Het is volgens hem niet van fundamenteel belang om te geloven dat een mens
behouden wordt door genade alleen en door geloof alleen (Efeze 2:8,9). De rooms-katholieke invulling van hoe een mens
behouden wordt, kan volgens hem ook. Iemand kan volgens Keller geloven in het
rooms-katholieke sacramentele evangelie en toch een medechristen zijn. De rooms-katholieke kerk
leert dat de wedergeboorte komt door de doop. Je komt door de doop in “de staat
van genade”. Als je sterft in die staat, dan kom je in de hemel. Het probleem
is dat je door het doen van doodzonden deze ‘staat van genade’ verliest. Wat
doodzonden zijn geeft de rooms-katholieke kerk aan. Door die zonden te biechten
aan een priester wordt je hersteld in de staat van genade, op het moment dat de
priester de absolutie, de vergeving over je uitspreekt. Het komt er op aan dat
je op het moment dat je sterft nog steeds in de staat van genade bent. Je
bereikt de hemel door zoveel mogelijk doodzonden te vermijden en door die
zonden, als je ze toch gedaan hebt, te biechten. Maar of je dat goed genoeg
hebt gedaan, weet je als rooms-katholiek nooit, dus echte zekerheid van behoud
kun je als katholiek niet hebben. Dit is nog steeds het officiële
rooms-katholieke standpunt, zoals dat bijvoorbeeld terug te vinden is in de Katechismus
van de Katholieke Kerk. In die Katechismus staat onder meer dat de sacramenten,
in het bijzonder de doop en de biecht, heilsnoodzakelijk zijn[i]. Bijbels
gezien is een kerk die officieel een vals evangelie leert een valse kerk. Voor Keller is het geen probleem dat de rooms-katholieke kerk
een on-Bijbelse verlossingsweg leert. Hij rekent de rooms-katholieke kerk tot
de bonafide christelijke kerken. Hij noemt de rooms-katholieke de grootste kerk
ter wereld (p. 102). 4. Keller
stuurt de christenen de weg van het contemplatieve christendom op In zijn gemeente wordt de
gemeenteleden een cursus aangeboden met de naam: “The way of the Monk” (De weg
van de monnik)[ii].
Een belangrijk onderdeel daarvan is het aanleren van de gebedstechniek van het centrerende
gebed. Andere namen voor deze gebedstechniek zijn: contemplatief gebed,
repetitief gebed of ademgebed. Het bestaat uit het langdurig telkens herhalen
van een gebedswoord of een kort zinnetje. Liefst op het ritme van de
ademhaling. Als je dat lang genoeg doet, dan ga je, zo luidt de theorie, God
ervaren. Dan krijg je belevingen van God. Deze techniek is on-Bijbels. Je vindt
in de Bijbel geen repetitief gebed. Jezus waarschuwt er zelfs tegen (Mattheus 6:7)[iii].

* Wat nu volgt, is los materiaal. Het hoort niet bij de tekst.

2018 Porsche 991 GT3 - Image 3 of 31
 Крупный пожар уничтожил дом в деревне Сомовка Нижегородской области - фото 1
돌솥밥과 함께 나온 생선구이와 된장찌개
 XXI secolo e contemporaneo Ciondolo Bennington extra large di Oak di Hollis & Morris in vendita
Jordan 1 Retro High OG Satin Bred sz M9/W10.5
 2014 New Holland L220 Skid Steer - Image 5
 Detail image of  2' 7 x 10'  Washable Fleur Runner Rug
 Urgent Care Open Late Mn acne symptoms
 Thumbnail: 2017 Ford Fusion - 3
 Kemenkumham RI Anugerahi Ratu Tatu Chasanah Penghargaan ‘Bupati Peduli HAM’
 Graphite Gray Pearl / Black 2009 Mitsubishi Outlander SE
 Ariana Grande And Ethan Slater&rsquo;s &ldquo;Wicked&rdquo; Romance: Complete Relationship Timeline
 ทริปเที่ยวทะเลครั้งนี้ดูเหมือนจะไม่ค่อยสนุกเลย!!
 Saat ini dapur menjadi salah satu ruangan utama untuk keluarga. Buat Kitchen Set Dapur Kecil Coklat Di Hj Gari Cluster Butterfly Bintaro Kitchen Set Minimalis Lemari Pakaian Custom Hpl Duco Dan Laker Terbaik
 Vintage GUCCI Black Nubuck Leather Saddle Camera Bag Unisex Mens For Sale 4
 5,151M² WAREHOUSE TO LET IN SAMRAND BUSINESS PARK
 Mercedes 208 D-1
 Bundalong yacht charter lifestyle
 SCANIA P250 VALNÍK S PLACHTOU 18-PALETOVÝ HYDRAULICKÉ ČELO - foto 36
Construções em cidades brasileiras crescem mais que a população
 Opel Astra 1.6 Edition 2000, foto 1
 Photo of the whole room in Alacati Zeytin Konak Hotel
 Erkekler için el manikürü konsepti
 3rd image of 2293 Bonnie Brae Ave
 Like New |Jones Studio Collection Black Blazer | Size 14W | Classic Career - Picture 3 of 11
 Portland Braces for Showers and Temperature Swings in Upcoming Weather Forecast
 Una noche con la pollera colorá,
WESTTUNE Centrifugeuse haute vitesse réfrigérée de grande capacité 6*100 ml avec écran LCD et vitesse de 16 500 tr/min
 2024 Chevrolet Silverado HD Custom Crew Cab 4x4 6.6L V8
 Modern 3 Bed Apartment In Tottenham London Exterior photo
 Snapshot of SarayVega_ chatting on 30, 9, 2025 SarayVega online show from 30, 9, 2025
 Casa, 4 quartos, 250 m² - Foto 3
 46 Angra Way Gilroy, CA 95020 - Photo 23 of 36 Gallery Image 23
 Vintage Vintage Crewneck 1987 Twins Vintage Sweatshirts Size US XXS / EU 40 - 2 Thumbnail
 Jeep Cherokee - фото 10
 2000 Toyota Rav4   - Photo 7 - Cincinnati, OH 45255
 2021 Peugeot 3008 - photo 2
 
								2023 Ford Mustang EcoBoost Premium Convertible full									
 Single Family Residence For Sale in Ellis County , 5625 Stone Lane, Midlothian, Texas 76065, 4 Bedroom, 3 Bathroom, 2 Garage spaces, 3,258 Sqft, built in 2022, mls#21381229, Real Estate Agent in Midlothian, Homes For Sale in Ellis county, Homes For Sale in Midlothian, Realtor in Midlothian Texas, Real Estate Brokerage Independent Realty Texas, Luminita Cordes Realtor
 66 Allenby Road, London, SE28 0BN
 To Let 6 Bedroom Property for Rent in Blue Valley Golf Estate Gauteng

Centrerend of contemplatief gebed is een in christelijke termen verpakte
oosterse meditatietechniek. In plaats van het herhalen van de naam van een
Hindoe God wordt in de christelijke versie een Bijbelse term gebruikt.
Bijvoorbeeld: het woord Jezus of een zinnetje als “Jezus, Zoon van God ontferm
u over mij”. Het is een
concentratieoefening waarbij je gebruik maakt van een mantra. Je herhaalt de
mantra langzaam keer op keer. Het effect daarvan is dat het denken wordt gestopt,
waardoor je in een staat van passiviteit komt, met als gevolg dat je open komt
te staan voor het bovennatuurlijke, voor “het goddelijke”. Onder meer Henri
Nouwen beveelt deze on-Bijbelse meditatietechniek aan. In één van zijn boeken vertelt
hij dat hij door het toepassen van deze techniek verschijningen kreeg van
Jezus, van Maria, van Rooms-katholieke heiligen, van bekende hindoeďstische
leraren[iv]
en van de Dalai Lama. Passiviteit opent de deur voor de werking van boze
geesten. Die willen bovendien best mooie ervaringen geven, als ze daardoor
mensen in hun greep kunnen krijgen. Zie het artikel over het
contemplatieve christendom, speciaal het gedeelte dat gaat over contemplatief
gebed: www.toetsalles/htmldoc/contemplatievebeweging.ha.htm . Zie ook het artikel over meditatie en de Bijbel:
www.toetsalles/htmldoc/bijbel.meditatie1.htm De inhoud van een mantra
is op zich van weinig belang. Het stoppen van het denken wordt bereikt met elk
kort woord of zinnetje. Dat Keller zijn
gemeenteleden deze weg opstuurt zegt veel over de staat van het geestelijk
leven van hemzelf en zijn gemeenteleden. Immers als een christen Jezus volgt en
vervuld is met de Heilige Geest, dan beleeft hij van alles met God. En als je
God ervaart dan heeft de verzoeking om on-Bijbelse technieken zoals centrerend
gebed te gaan toepassen geen vat op je. Zie mijn studie over geloof, gevoel en
mystiek[v]. Als iemand het in dergelijke mystieke
technieken zoekt dan is er eerder iets misgegaan in het geestelijk leven. Als
je vervuld bent met Gods Geest, dan zoek je het niet in deze surrogaat ervaringen. 5. Keller
holt de hel uit De Bijbel spreekt over de
hel als de plaats waar de eeuwige straf wordt voltrokken. Dat is een Bijbelse
waarheid die niet goed valt bij de moderne mens. Het is daarom niet
verwonderlijk dat Keller in zijn pogingen om het evangelie te verkopen aan de
moderne mens een rookgordijn over dit onderdeel van de Bijbelse leer legt. Hij zegt dat de hel een
zelfgekozen identiteit is. Ik citeer: “De hel is iemands vrijwillig gekozen identiteit”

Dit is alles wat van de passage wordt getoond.